WHAT IS EXPECTED — Reproduce only the lines below from the line containing "มีน้ำใสๆปนสีขาวขุ่น" to the line containing "A Bandages That", exactly as written, with both end lines kept. Omit the pictures.

RECORDS FOR THIS EXERCISE —
--

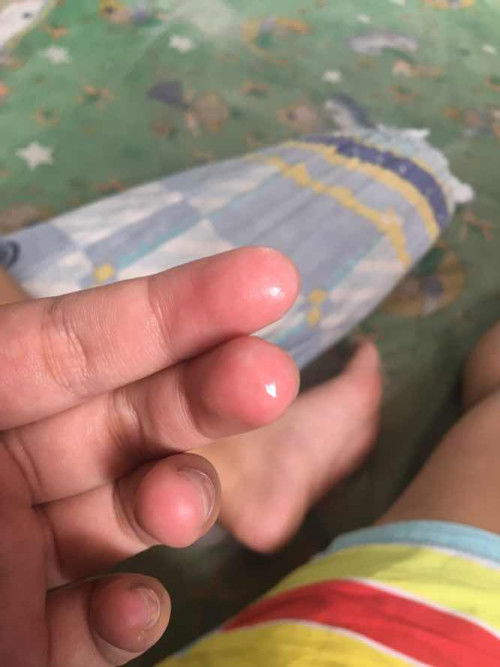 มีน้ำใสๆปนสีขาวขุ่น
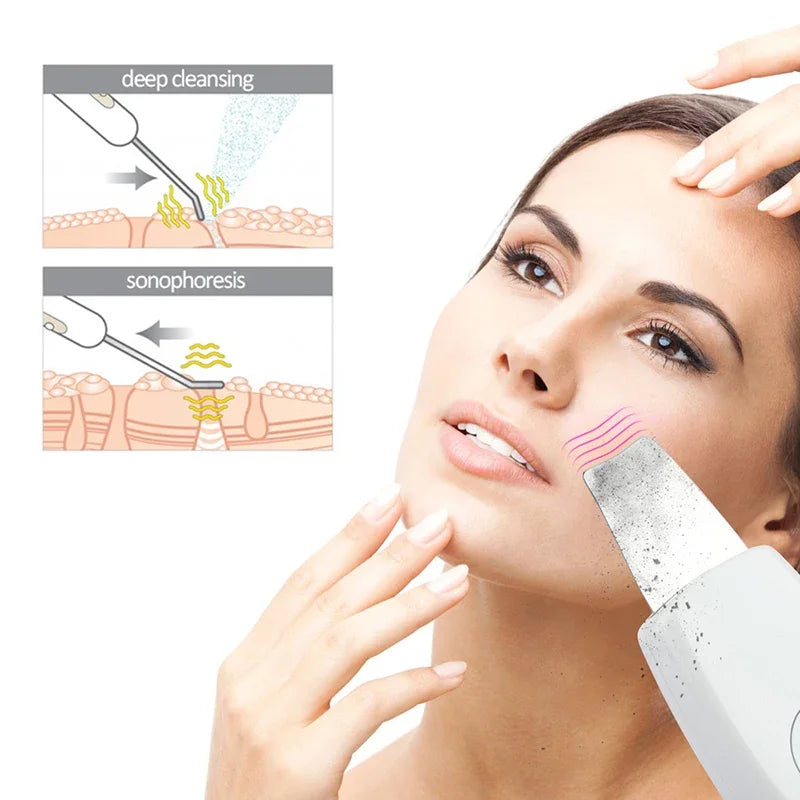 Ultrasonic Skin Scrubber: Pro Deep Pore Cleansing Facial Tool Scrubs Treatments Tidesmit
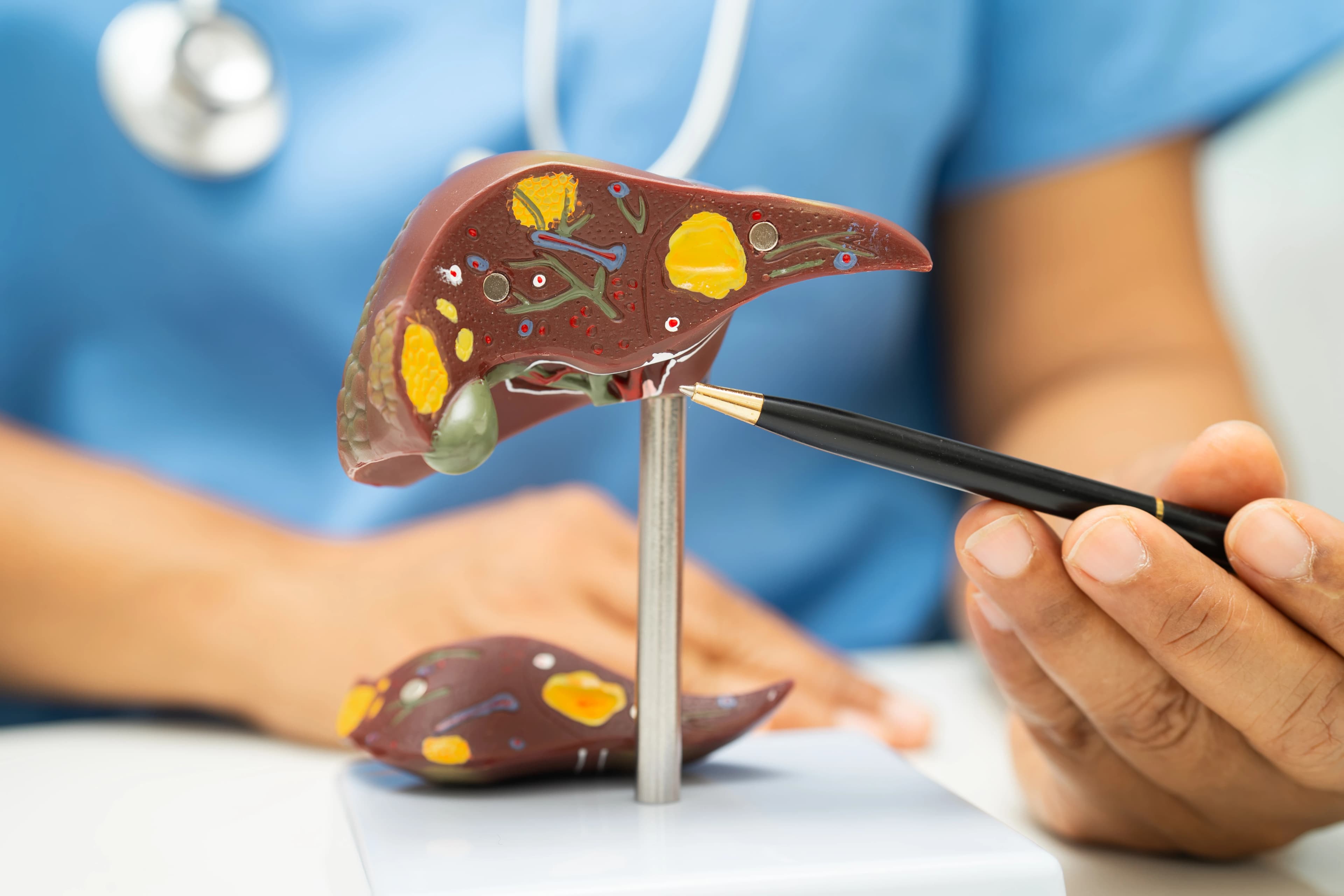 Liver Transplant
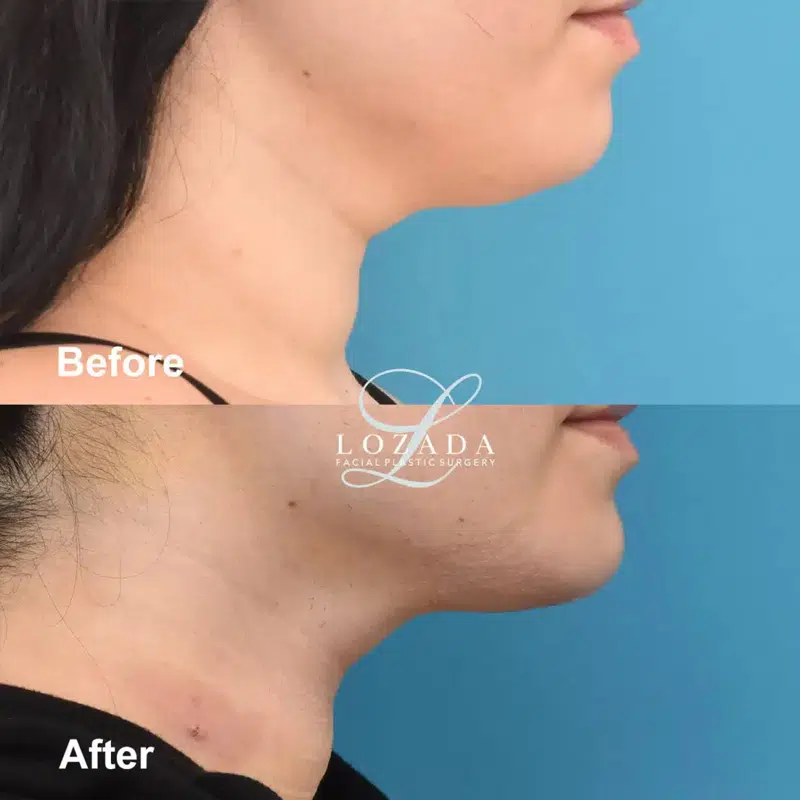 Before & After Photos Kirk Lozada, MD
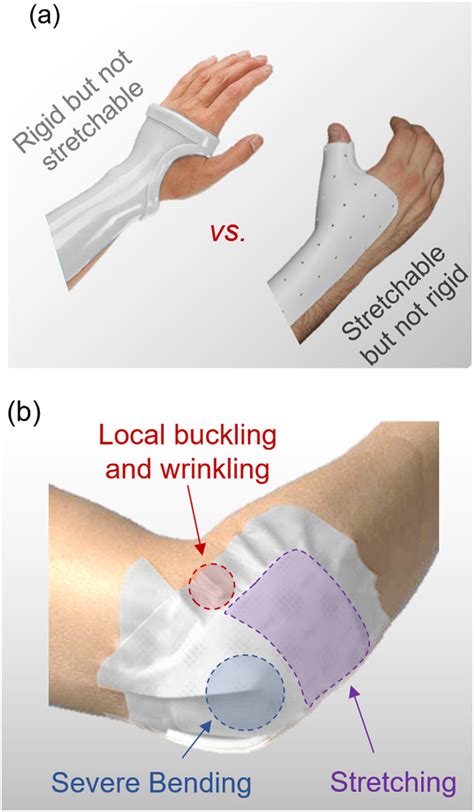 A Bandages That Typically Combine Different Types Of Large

--

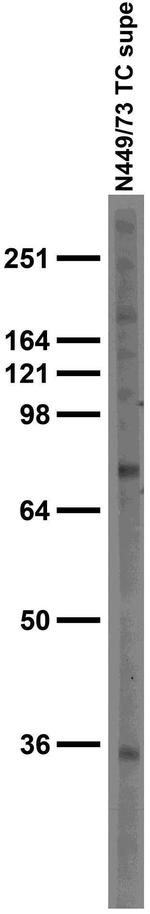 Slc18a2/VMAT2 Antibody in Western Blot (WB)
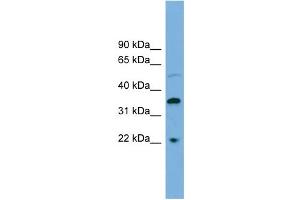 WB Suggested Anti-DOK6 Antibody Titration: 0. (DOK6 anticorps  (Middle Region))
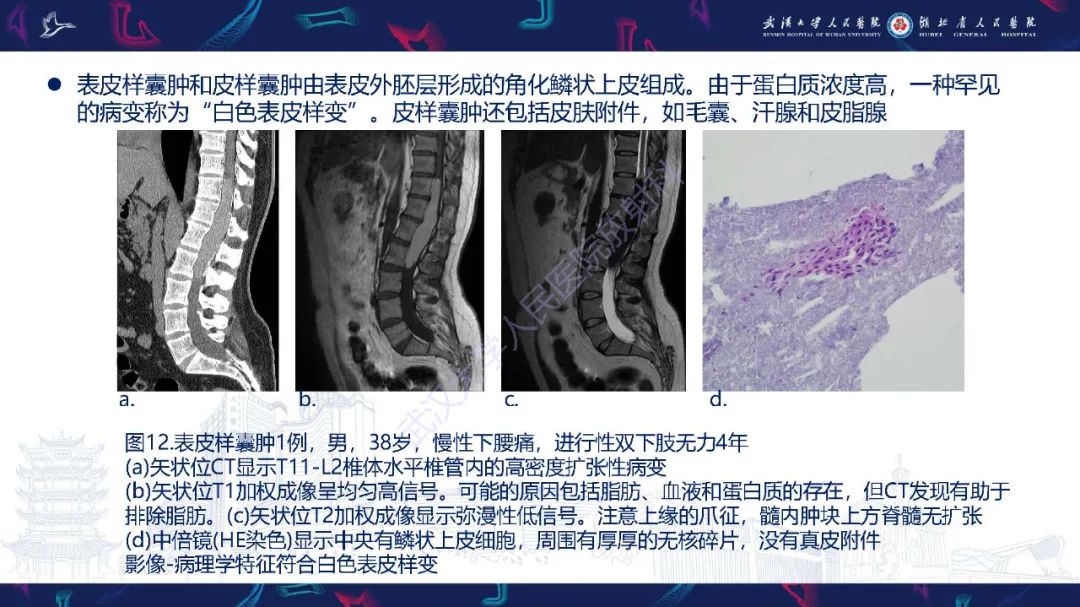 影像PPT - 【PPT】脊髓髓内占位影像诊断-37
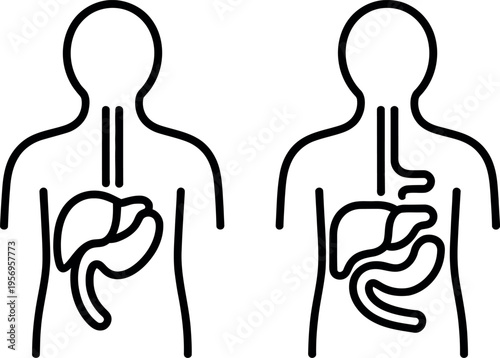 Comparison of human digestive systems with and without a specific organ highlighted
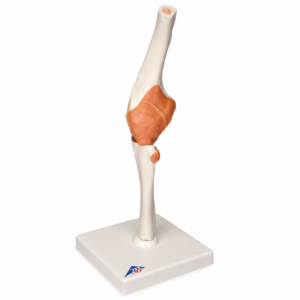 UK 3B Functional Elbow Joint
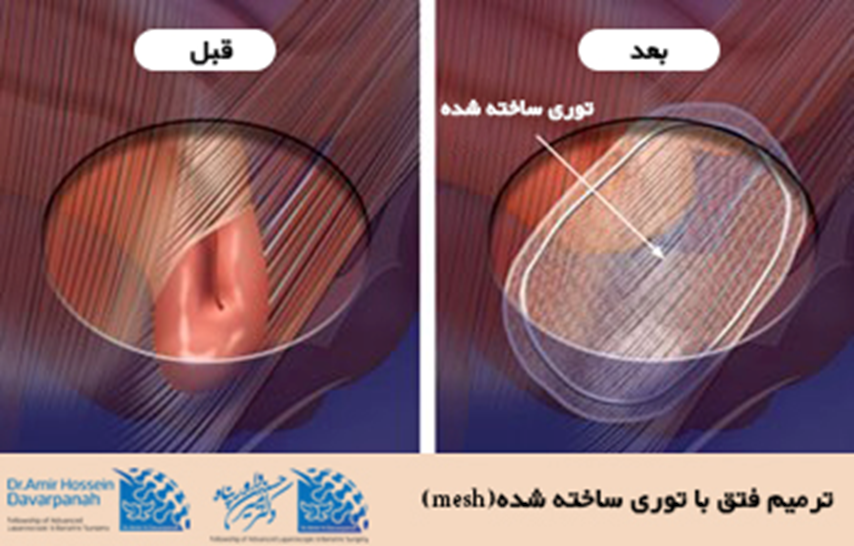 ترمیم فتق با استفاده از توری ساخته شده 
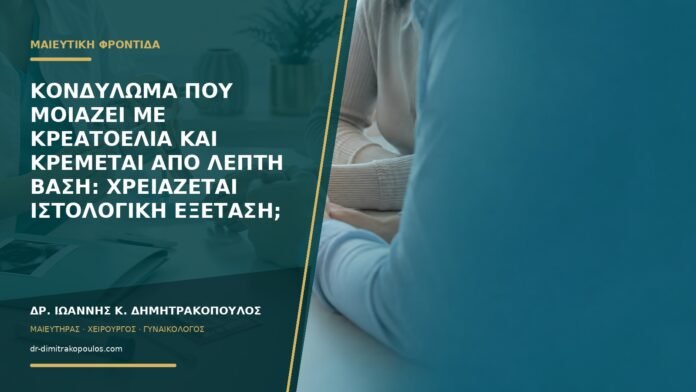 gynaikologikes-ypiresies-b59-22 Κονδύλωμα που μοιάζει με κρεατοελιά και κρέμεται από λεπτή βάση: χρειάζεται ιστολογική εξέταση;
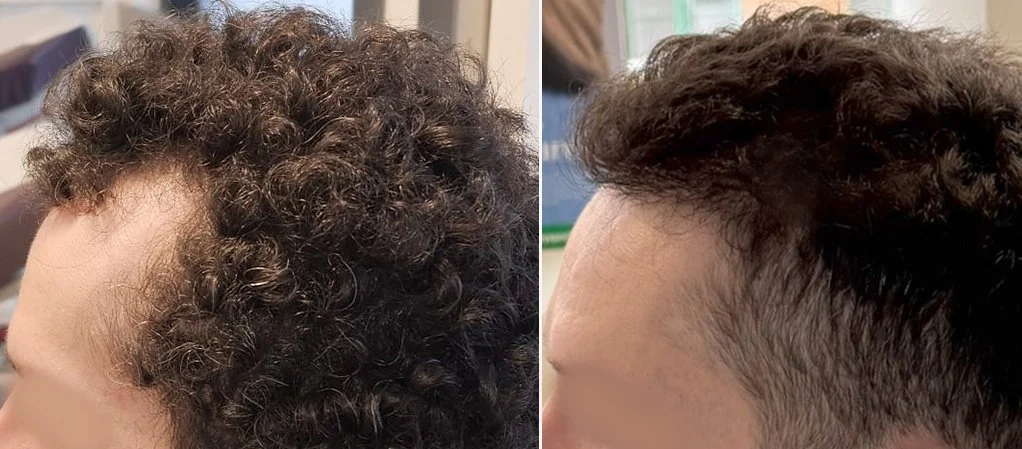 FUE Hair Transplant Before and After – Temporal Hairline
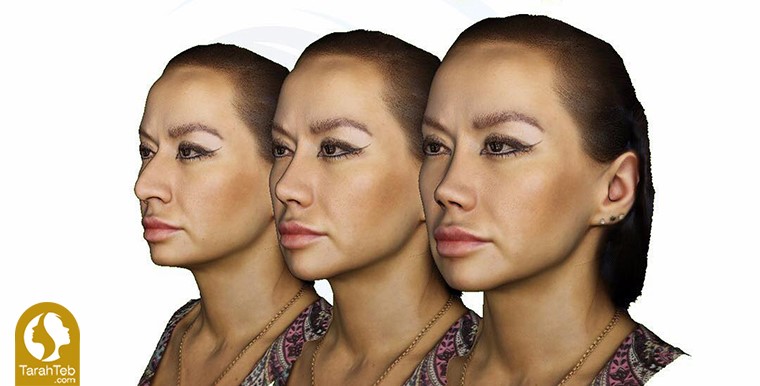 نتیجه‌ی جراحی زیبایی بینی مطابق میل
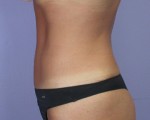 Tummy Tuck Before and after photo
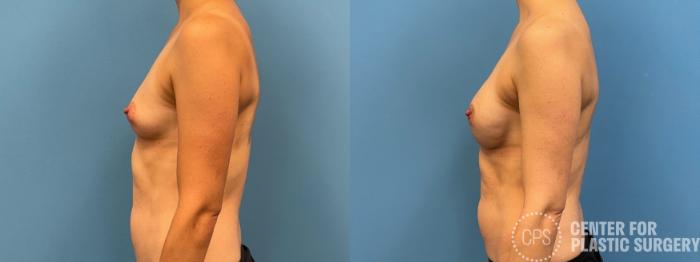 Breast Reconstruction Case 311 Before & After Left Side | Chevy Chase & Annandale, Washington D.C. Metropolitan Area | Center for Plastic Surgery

--

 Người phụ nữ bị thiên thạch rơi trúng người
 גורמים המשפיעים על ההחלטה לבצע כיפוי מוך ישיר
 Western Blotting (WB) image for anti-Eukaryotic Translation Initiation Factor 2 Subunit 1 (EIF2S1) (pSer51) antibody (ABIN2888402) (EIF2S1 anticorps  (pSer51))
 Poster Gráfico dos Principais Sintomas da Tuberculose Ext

--

ANSWER FOR THIS EXERCISE —
 มีน้ำใสๆปนสีขาวขุ่น
 Ultrasonic Skin Scrubber: Pro Deep Pore Cleansing Facial Tool Scrubs Treatments Tidesmit
 Liver Transplant
 Before & After Photos Kirk Lozada, MD
 A Bandages That Typically Combine Different Types Of Large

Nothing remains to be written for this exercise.